Here is kind of a current-state update.























































I still have some book-binding to do as well as some upholstery for one of the chairs but it's coming along nicely. (IMO)


----------



## SteveR (Aug 7, 2005)

Lovely. Are you going to make the walls taller?


----------



## DarthSideous (Mar 26, 2008)

SteveR said:


> Lovely. Are you going to make the walls taller?

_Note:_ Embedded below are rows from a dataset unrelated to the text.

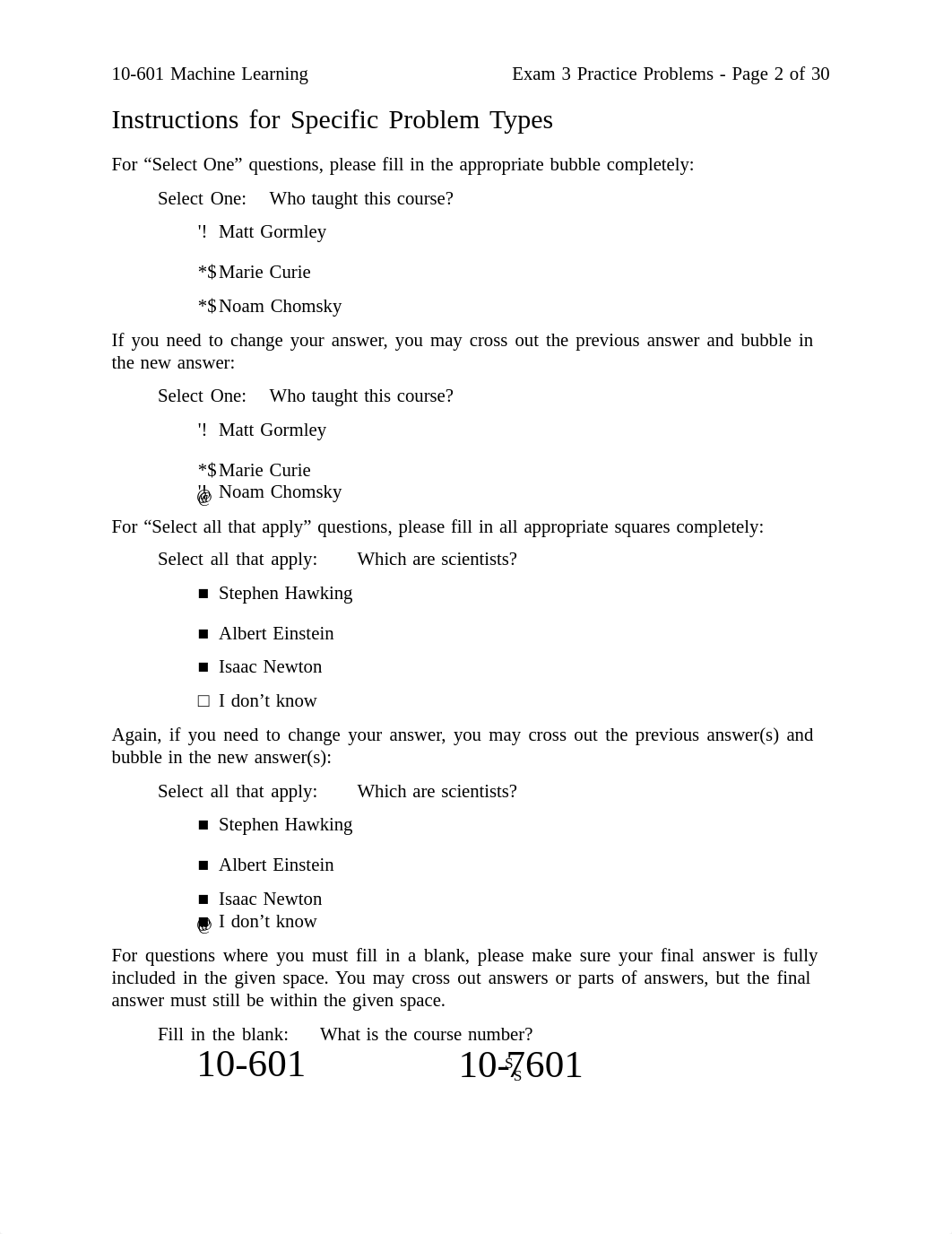 exam3_practice_problems.pdf_djlu42ryikw_page2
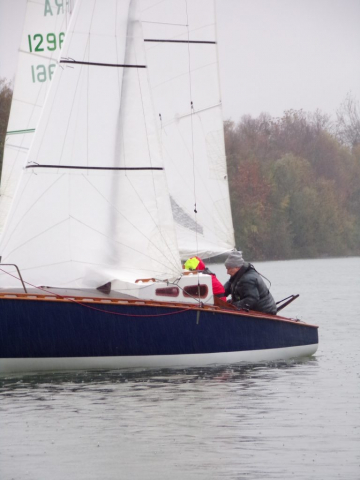 KODAK Digital Still Camera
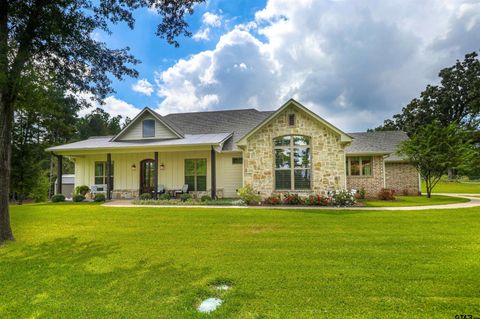 15733 CR 1104 Flint TX 75762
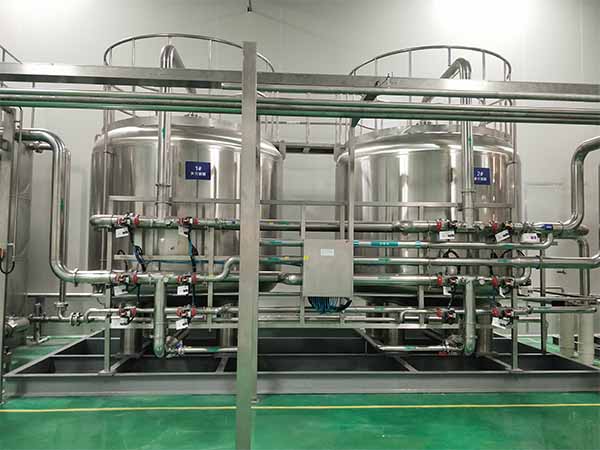 工業管道圖片 工業管道圖片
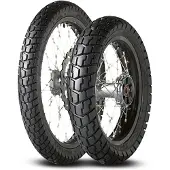 Dunlop Trailmax K760 54t Tl Abenteuer-vorderreifen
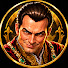 c-AuOOMrz9c-channel-avatar-Machiavelli's Wealth Principles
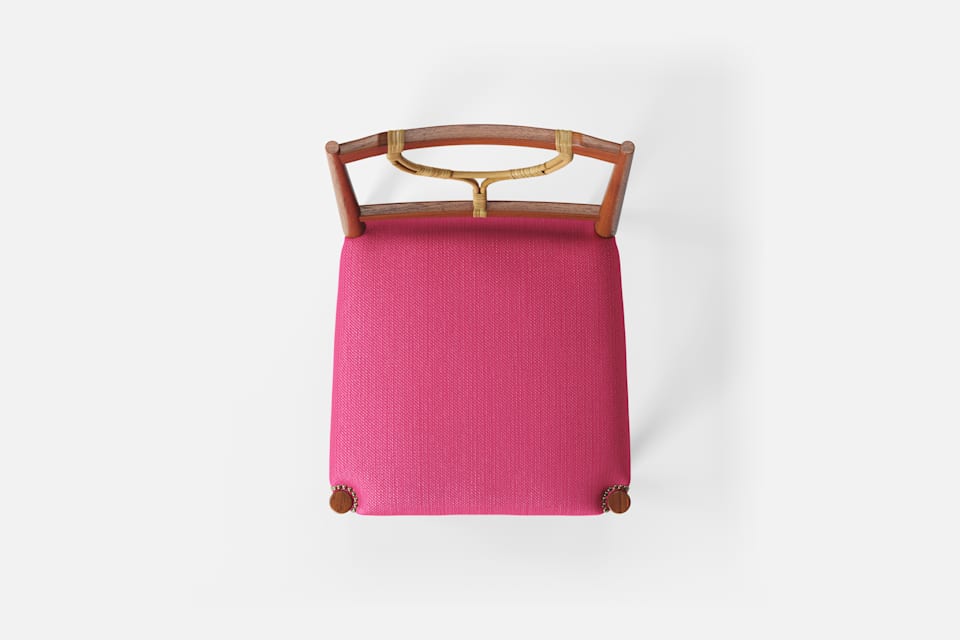 Product detail image 1 / 0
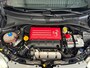 Fiat 500C 1.4 T-Jet Abarth Elaborabile, stoelvw,Stage 1, Sport uitlaat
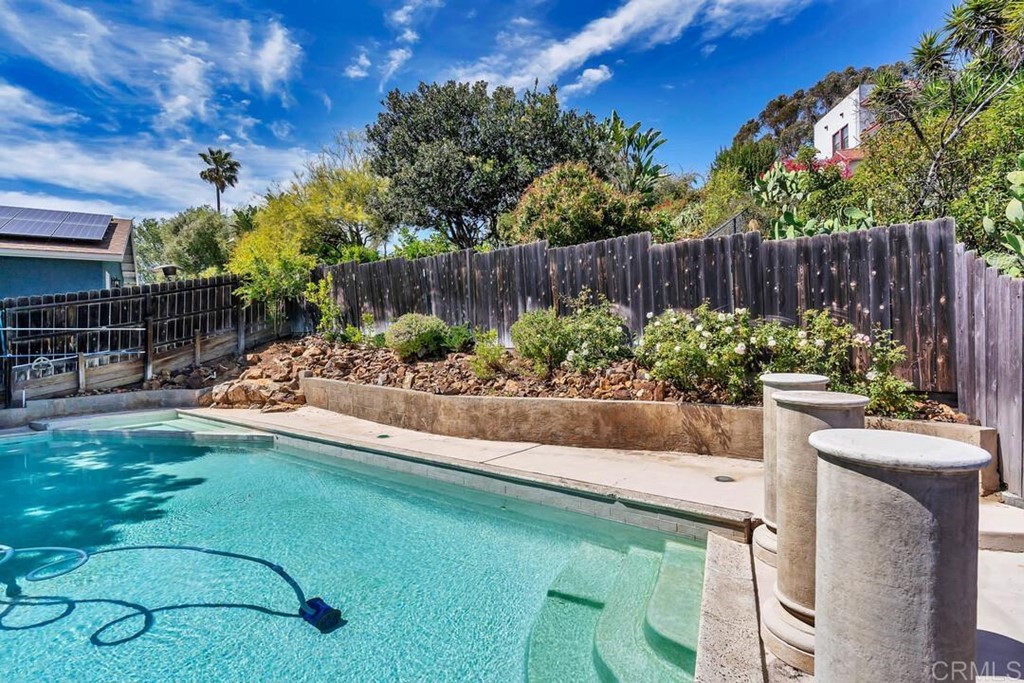 7949 Pasadena Avenue La Mesa, CA 91941 - Photo 11 of 35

I have to agree with Steve the walls should be taller. Otherwise fantastic looking diorama


----------



## John P (Sep 1, 1999)

G.I. Joe hands! I wonder if manufacturers have been using the same mold to make those hands since 1964. :lol:


----------



## Zombie_61 (Apr 21, 2004)

John P said:


> G.I. Joe hands! I wonder if manufacturers have been using the same mold to make those hands since 1964. :lol:


At least they don't have kung-fu grip.


----------



## Owen E Oulton (Jan 6, 2012)

John P said:


> G.I. Joe hands! I wonder if manufacturers have been using the same mold to make those hands since 1964. :lol:


Definitely not old-style GI Joe hands - these look vaguely human. The old GI Joe nosepickers didn't!


----------